▸ **Task statement**: The entries below contain pictures. Write out only the lines from the line with "Remise supplémentaire sur" up to and including the line with "StarTech.com Desk Mount", exactly, without them.

▸ **Information provided**:
^^^^

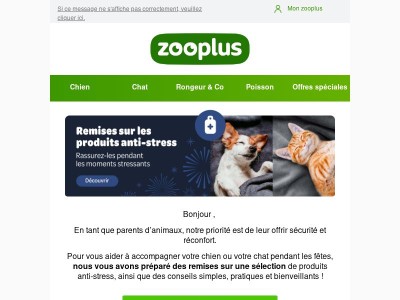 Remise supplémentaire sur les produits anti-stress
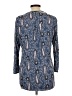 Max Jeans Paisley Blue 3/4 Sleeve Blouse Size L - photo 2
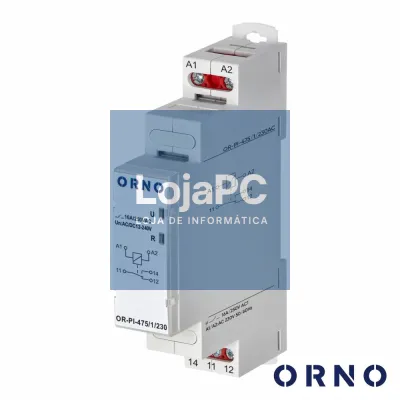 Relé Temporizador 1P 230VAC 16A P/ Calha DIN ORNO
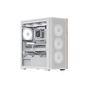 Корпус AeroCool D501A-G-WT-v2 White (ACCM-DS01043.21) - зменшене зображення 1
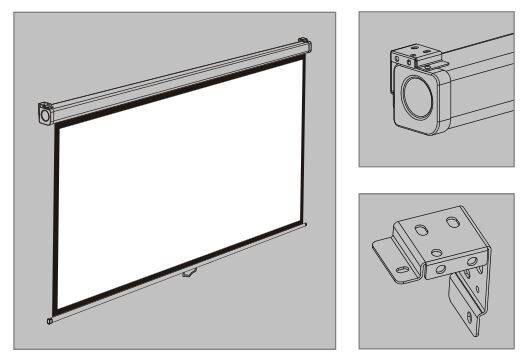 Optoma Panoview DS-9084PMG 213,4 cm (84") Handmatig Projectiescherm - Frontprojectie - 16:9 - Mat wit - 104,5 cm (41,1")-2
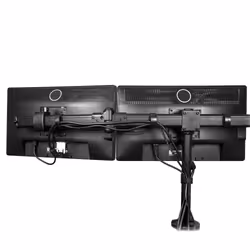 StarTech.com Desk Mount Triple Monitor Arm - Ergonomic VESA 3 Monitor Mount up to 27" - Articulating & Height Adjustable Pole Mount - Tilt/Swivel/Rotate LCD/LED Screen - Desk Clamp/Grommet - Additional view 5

^^^^

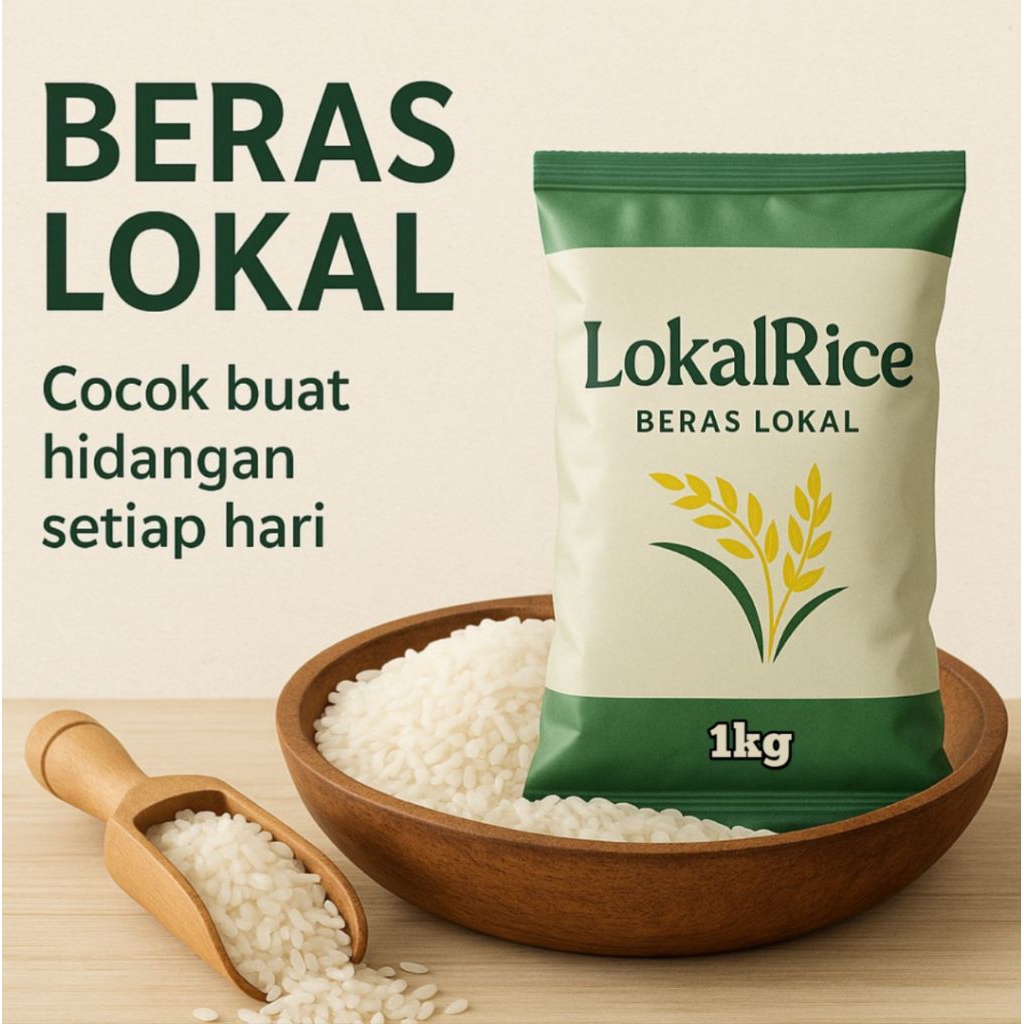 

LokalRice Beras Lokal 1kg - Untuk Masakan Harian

^^^^

▸ **Expected answer**:
 Remise supplémentaire sur les produits anti-stress
 Max Jeans Paisley Blue 3/4 Sleeve Blouse Size L - photo 2
 Relé Temporizador 1P 230VAC 16A P/ Calha DIN ORNO
 Корпус AeroCool D501A-G-WT-v2 White (ACCM-DS01043.21) - зменшене зображення 1
 Optoma Panoview DS-9084PMG 213,4 cm (84") Handmatig Projectiescherm - Frontprojectie - 16:9 - Mat wit - 104,5 cm (41,1")-2
 StarTech.com Desk Mount Triple Monitor Arm - Ergonomic VESA 3 Monitor Mount up to 27" - Articulating & Height Adjustable Pole Mount - Tilt/Swivel/Rotate LCD/LED Screen - Desk Clamp/Grommet - Additional view 5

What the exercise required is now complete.